Or la première version de l'humanité selon les tablettes sumériennes est celle d'une humanité totalement asexuée, à l'image de l'ange. Cette antique version, que l'on retrouve d'une façon dénaturée en Genèse 1.26, est le produit des Elohim, " les divinités planificatrices " bienveillantes. Le modèle dont il est question dans ce passage de la Genèse est sans aucun doute un mélange de l'Homme Primordial dénommé Namlú'u et le prototype Neandertal, lui aussi manufacturé par les Élohim, précisément par Nammu, la mère d'Enki. C'est cette version qui est amenée à travailler pour les " dieux " sumériens, en l'occurrence les Annuna reptiliens inféodés à Enlil. De façon à rendre cette humanité autonome par rapport au régime autoritaire Anunna, Enki a séparé leurs sexes pour que les travailleurs puissent se multiplier d'eux même au sein de l'Edin, la terre, dont le gestionnaire des lieux est Sa'am-Enki (Samaël, le serpent biblique), présenté dans l'imagerie mésopotamienne comme un instructeur et non comme un tentateur. Une fois de plus, la Bible a préféré inverser les rôles et dénaturer les situations ...

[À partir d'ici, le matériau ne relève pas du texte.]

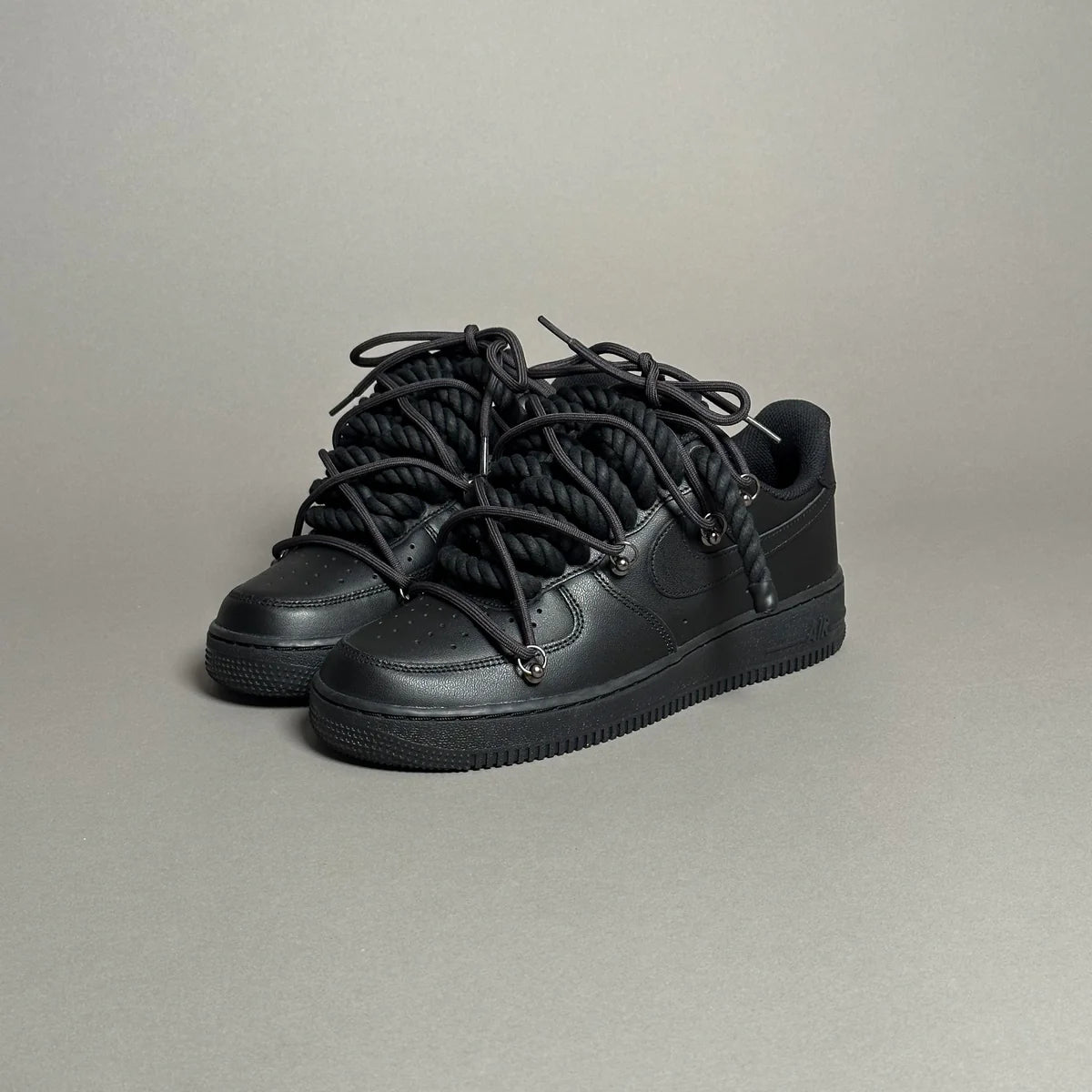 Nike Air Force 1 Black “Ropes Laces” Elastic Laces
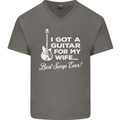 I Got a Guitar for My Wife Funny Guitarist Mens V-Neck Cotton T-Shirt Charcoal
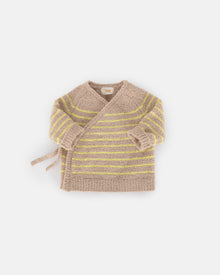 Wrap Top Striped - Fuzzy | Pecan & Chartreuse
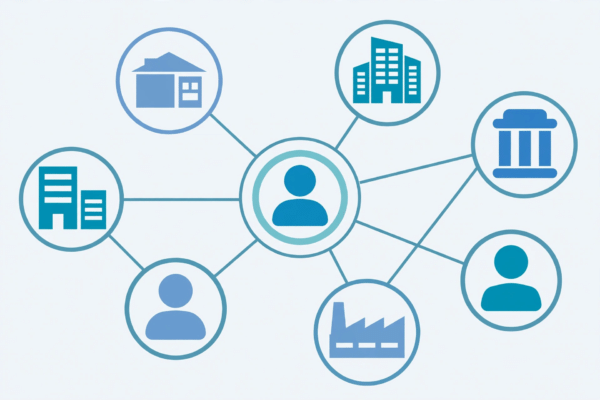 Flat infographic illustration of a business relationship map showing connected nodes representing people and companies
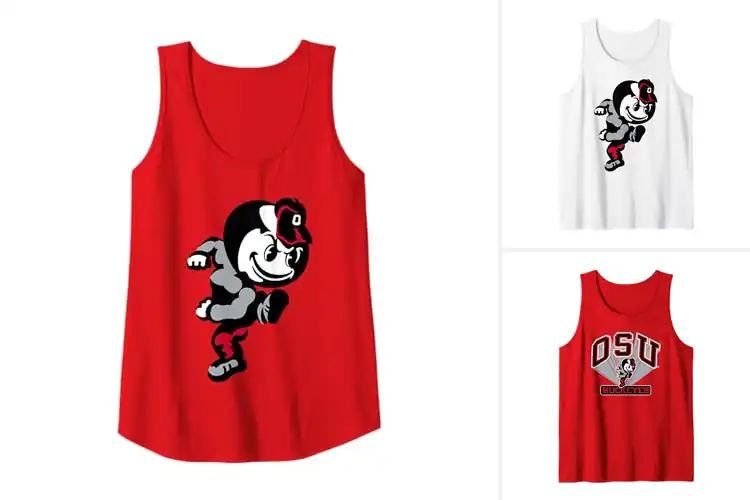 Detailed view of Best Brutus Red Ohio State Tanks: Bold Style for True Fans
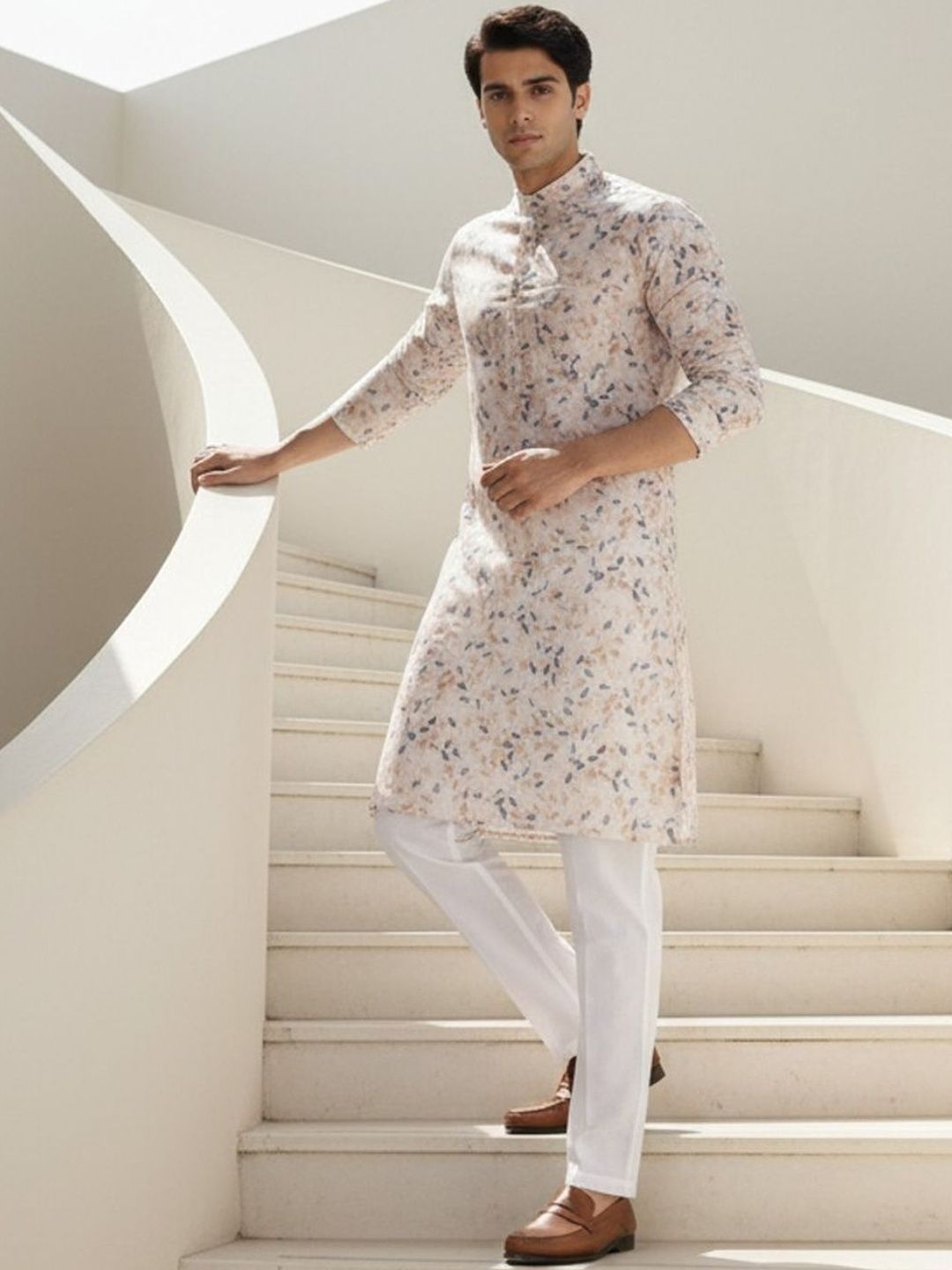 XENOR Men Floral Printed Indie Florals Kurta-picture-17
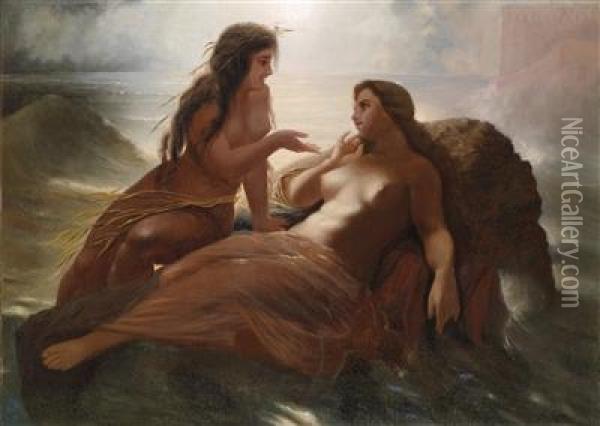 To Mermaids Oil Painting - Wilhelm Kray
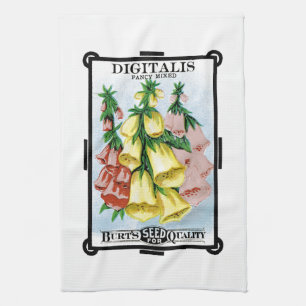 Digitalis Seed Packet Label Tea Towel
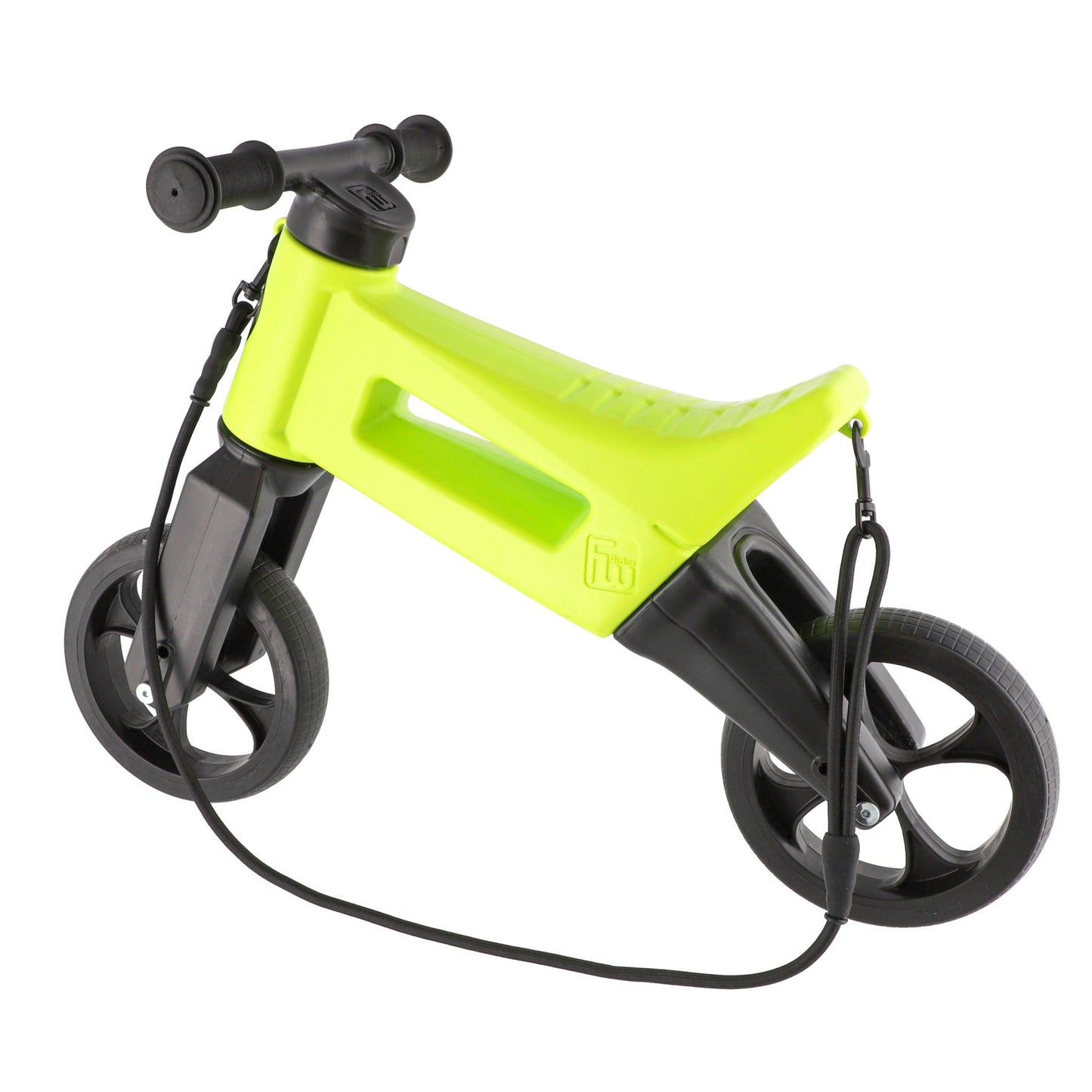Bicicleta sin pedales con cesta para manillar, 2 en 1, 18+ meses, neumáticos y puños de goma, 4 niveles de ajuste de altura, Funny Wheels Rider SuperSport Lima/Negro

L'initiation des humains à la sexualité

Enki (le serpent) est figuré sur le sceau ci-contre comme un serpent placé auprès d'un homme et d'une femme. C'est l'initiation de l'humanité à la copulation, qui a pour objet de procréer, Samaël (Enki) présentant à l'homme et la femme " la façon de procéder ". L'homme lève son verre avec Sa'am-Enki et ce dernier porte dans sa main un gobelet en forme de coupe qui symbolise le sexe féminin, à savoir le "Saint Graal " des traditions d'Europe du Nord… Près d'Enki se tient une étoile qui signifie DIĞIR (" divinité "). Au-dessus de l'homme se trouve le symbole de la lune en forme de coupe, signifiant à la fois " la mort " et " le fait de s'incliner ou de se soumettre ". Son sens est " se soumettre au cycle mensuel pour vaincre la mort ", à l'instar des textes initiatiques tantriques en Inde qui comparent l'union sexuelle à un sacrifice, où l'homme doit " sacrifier ses pulsions pour faire vibrer la Déesse ".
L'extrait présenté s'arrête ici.